NG006: Ensemble Methods for Combining Climate and Weather Models
Software Engineering Designs for Super-Modeling Different Versions of CESM Models using DART
*Kluzek E.
erik@ucar.edu
National Center for Atmospheric Research, PO Box 3000, Boulder, CO 80307, USA
Duane G.
gregory.duane@Colorado.EDU
2University of Colorado, Department of Atmospheric and Oceanic Sciences, Boulder CO, USA, and Macedonian Academy of Sciences and Arts, Skopje,
Republic of Macedonia
Tribbia J.
tribbia@ucar.edu
National Center for Atmospheric Research, PO Box 3000, Boulder, CO 80307, USA
Vertenstein M.
mvertens@ucar.edu
National Center for Atmospheric Research, PO Box 3000, Boulder, CO 80307, USA
We explore different designs to connect different versions of the IPCC class climate model the Community Earth System Model (CESM) together. We use the Data Assimilation Research Test-bed (DART) software to provide data assimilation as well as provide a software framework to link different model configurations together. We also show results from some simple experiments that demonstrate the ability to synchronize different model versions together.
The CESM (version 1.2.0) is made up of different component models that couple ocean, atmosphere, land, sea-ice, glacier, and ocean wave models together. Each component can be different versions of either active, data, or stub models. Although there is usually only one active model for a component, most components are build-time or run-time configurable enough that you can come up with a total model system that is significantly different from other model configurations. Hence, you can run the atmosphere model with CAM3, CAM4, and CAM5 (Community Atmosphere Model versions 3, 4 and 5) physics for example as well as run the land model with CLM4 and CLM4.5 (Community Land Model versions 4 and 4.5) geophysics while also choosing between: SP, CN, and BGC (Satellite Phenology, Carbon-Nitrogen, and CLM45. -biogeochemistry) biogeochemistry modes. The sea-ice model can be run in prognostic or prescribed ice concentration modes, while the POP (Parallel Ocean Model) ocean model can be run with different settings of the vertical and horizontal mixing. You can see where a mix of these different options gives you substantially different model versions especially when you consider the system en tot ale.

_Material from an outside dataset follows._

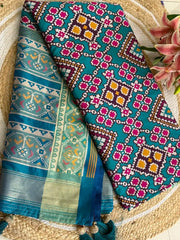 Premium Patola Weaving Phool Jaal Design Saree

The data assimilation part is separate from the synchronization of the models and can be done at a different temporal frequency or not at all. We explore different designs for the data assimilation all the way from simple nudging to using the full capability of the Ensemble Kalman Filter (EKF) that is the central part of DART. DART’s EKF can be used to synchronize multiple fields of the models together or simple nudging can be used to synchronize a single field.
A significant hurdle to the project is that the linkage between DART and CESM for this version of DART and CESM is via files. Also the different model configurations of CESM HAVE to be different at build-time. This means you have different programs that need to initialize and then run writing out data that other programs then read in and operate on, and then feed back to other programs all controlled by high level scripts. Since, climate models normally run for long lengths of time, initialization is typically inefficient and may not even be fully parallel. By starting and stopping the model so often the inefficiency of the models initialization becomes more apparent and has a large impact on workable configurations for climate studies. We explore different options to make this workable by using low resolutions, and limiting the temporal frequency for both data assimilation as well as the frequency that the models are synchronized together.